* **Exercise directions**: Extract, exactly and without pictures, every line from the one that includes "[AMERICANA]. FRÉMONT, John" through the final line of the material below.

* **Exercise inputs**:

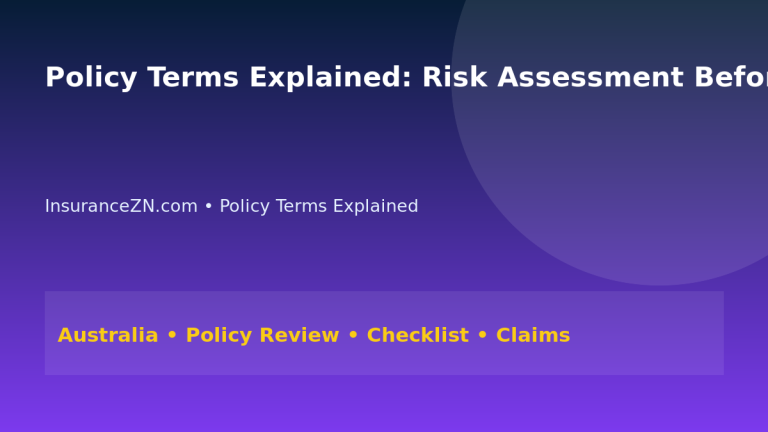Policy Terms Explained: Risk Assessment Before Buying Cover for Australians 2026 - InsuranceZN Australian insurance guide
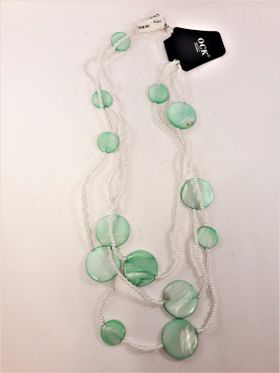 Flerradigt halsband minipärlor och snäckskalsplattor, flera färger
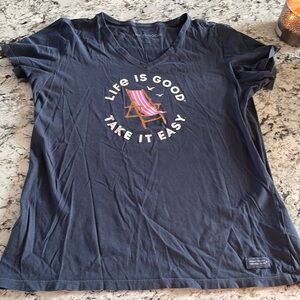 Life Is Good Take it Easy Beach Chair V-Neck T-Shirt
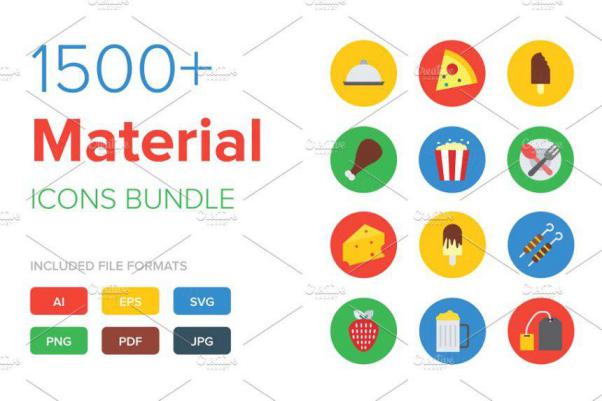 谷歌设计标准多用途图标 1500  Material Icons Bu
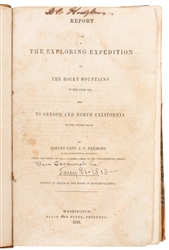  [AMERICANA]. FRÉMONT, John Charles (1813–1890). Report of t...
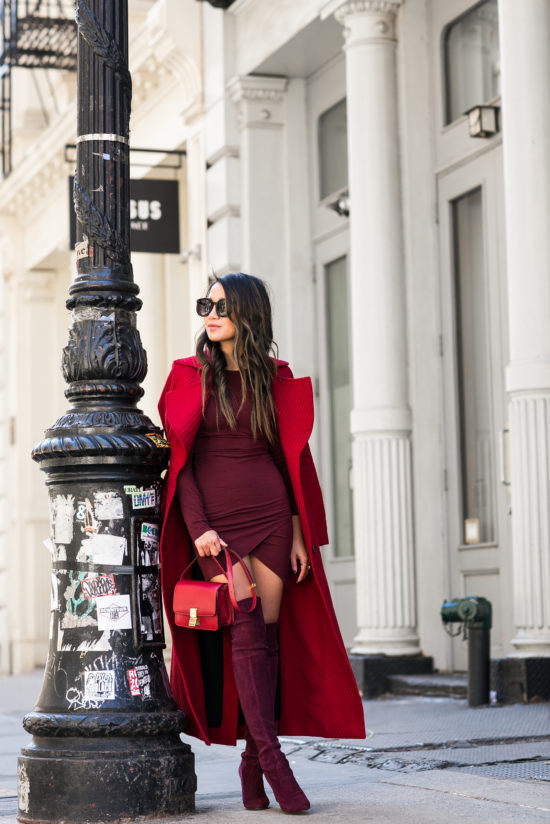 wine red coat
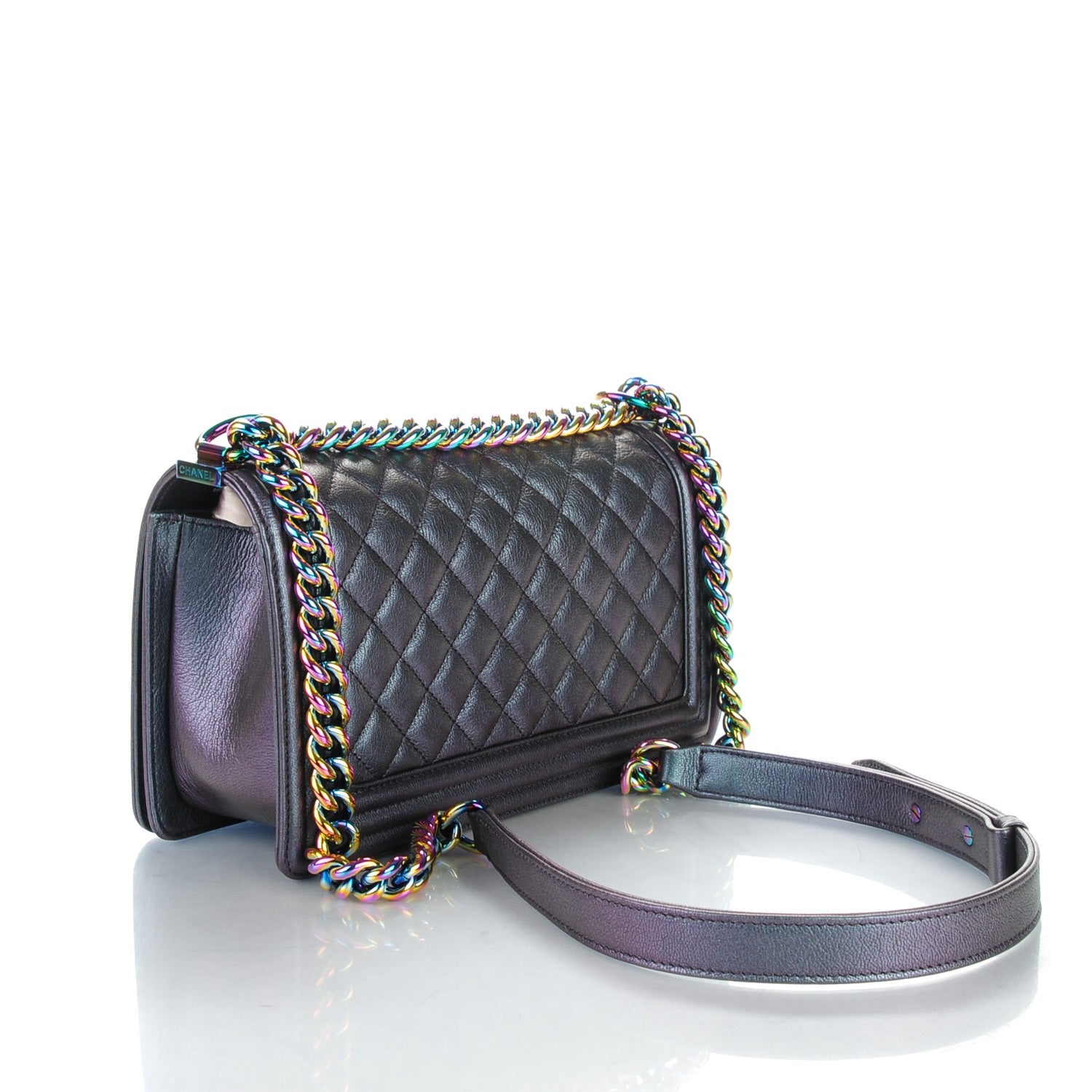 Chanel Iridescent Goatskin Quilted Medium Boy Flap Purple 3 of 8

* **Exercise result**:
  [AMERICANA]. FRÉMONT, John Charles (1813–1890). Report of t...
 wine red coat
 Chanel Iridescent Goatskin Quilted Medium Boy Flap Purple 3 of 8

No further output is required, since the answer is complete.